To take a preliminary stab at this with my limited understanding, I would say a answer which yields an array of paired prime-evens with the unpaired values on the end would be:

1. Use sieve of erastosthenes or another prime mapping method to create a lookup set of all prime vals from 1 to the highest value in the array

2. create three arrays, lets's call them Prime, Even, Odd

3. Scan through array, if a value is in the prime lookup set from step 1, add it to Prime, if that value modded by 2 is 0, add it to Even (two can be treated as a special case, the only even prime), otherwise, add it to Odd

4. Scan through Prime and Even at same rate, adding Prime[i],Even[i] to array until one or both of the arrays has ended. After that, add all values remaining in Even and any values in Odd to the array.
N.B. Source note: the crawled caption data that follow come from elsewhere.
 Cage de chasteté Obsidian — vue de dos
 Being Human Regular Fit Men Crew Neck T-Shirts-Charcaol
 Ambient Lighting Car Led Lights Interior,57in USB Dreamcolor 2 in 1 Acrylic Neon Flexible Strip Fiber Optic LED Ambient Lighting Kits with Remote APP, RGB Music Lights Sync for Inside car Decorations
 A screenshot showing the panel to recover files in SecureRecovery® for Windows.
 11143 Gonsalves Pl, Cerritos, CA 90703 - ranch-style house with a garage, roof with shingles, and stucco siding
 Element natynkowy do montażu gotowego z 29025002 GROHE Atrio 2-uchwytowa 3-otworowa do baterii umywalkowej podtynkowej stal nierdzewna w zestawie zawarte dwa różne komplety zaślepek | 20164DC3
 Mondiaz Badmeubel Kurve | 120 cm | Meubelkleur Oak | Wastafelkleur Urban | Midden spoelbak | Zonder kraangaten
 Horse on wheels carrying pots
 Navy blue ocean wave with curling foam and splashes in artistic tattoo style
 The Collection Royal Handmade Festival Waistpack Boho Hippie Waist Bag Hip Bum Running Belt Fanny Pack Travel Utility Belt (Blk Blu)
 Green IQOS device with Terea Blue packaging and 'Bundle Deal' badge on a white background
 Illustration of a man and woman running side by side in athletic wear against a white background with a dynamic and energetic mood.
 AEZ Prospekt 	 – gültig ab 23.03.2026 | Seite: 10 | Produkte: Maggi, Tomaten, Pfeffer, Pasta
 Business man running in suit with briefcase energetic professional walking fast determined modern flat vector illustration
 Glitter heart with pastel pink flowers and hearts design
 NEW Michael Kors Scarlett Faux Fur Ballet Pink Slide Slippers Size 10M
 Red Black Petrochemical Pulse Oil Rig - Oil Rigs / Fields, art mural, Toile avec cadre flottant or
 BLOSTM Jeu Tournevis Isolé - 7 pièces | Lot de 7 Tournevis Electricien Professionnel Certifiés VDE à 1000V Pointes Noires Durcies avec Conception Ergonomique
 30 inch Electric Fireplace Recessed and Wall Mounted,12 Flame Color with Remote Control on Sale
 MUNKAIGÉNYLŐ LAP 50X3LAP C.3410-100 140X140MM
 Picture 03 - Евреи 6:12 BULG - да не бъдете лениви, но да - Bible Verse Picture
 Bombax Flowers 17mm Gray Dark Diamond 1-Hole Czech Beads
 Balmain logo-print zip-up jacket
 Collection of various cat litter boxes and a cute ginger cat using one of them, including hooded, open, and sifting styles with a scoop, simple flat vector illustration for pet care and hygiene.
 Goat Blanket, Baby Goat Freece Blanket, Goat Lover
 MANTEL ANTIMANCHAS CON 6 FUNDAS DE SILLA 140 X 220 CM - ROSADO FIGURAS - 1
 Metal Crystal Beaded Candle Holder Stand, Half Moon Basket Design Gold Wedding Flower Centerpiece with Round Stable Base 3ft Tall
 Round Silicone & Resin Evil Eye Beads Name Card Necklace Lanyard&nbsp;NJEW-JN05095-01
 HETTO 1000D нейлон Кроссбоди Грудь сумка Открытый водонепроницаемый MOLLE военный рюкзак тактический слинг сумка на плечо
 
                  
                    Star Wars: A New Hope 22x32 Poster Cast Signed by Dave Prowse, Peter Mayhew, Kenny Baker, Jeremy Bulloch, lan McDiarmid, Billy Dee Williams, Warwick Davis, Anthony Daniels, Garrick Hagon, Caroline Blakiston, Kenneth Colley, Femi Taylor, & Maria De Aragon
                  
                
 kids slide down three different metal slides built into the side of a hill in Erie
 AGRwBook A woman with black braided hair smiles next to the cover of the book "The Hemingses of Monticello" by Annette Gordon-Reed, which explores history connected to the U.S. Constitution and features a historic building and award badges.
I'm not going to implement the sieve as it is irrelevant and can be replaced by any standard method of mapping primes.

The python solution:

import sieve 	#not an actual library but just assume

def pair_prime_even(vals):
	prime, even, odd = [], [], []
	max_val = 0
	for val in vals:
		if val > max_val:
			max_val = val
	prime_ref = sieve.get_all_primes_up_to(max)  #assume it returns a hashset or similar
	for val in vals:
		if prime_ref.get(val,None):
			prime.append(val)
		elif val%2 == 0:
			even.append(val)
		else:
			odd.append(val)
	output = merge_arrays(prime, even)
	for x in odd:
		output.append(x)
	return output
	
def merge_arrays(a,b):
	i = 0
	output = []
	while i < len(a) or i < len(b):
		if i <len(a) and i < len(b):
			output.append(a[i])
			output.append(b[i])
		elif i < len(a):
			output.append(a[i])
		else:
			output.append(b[i])
		i += 1
	return output

While the main logic here will run in O(n) time (O(1) lookups for primes, O(2n) for merging prime and even, O(n) for for merging in odd), the choice of function for getting the reference set of primes is what will most likely determine the overall runtime.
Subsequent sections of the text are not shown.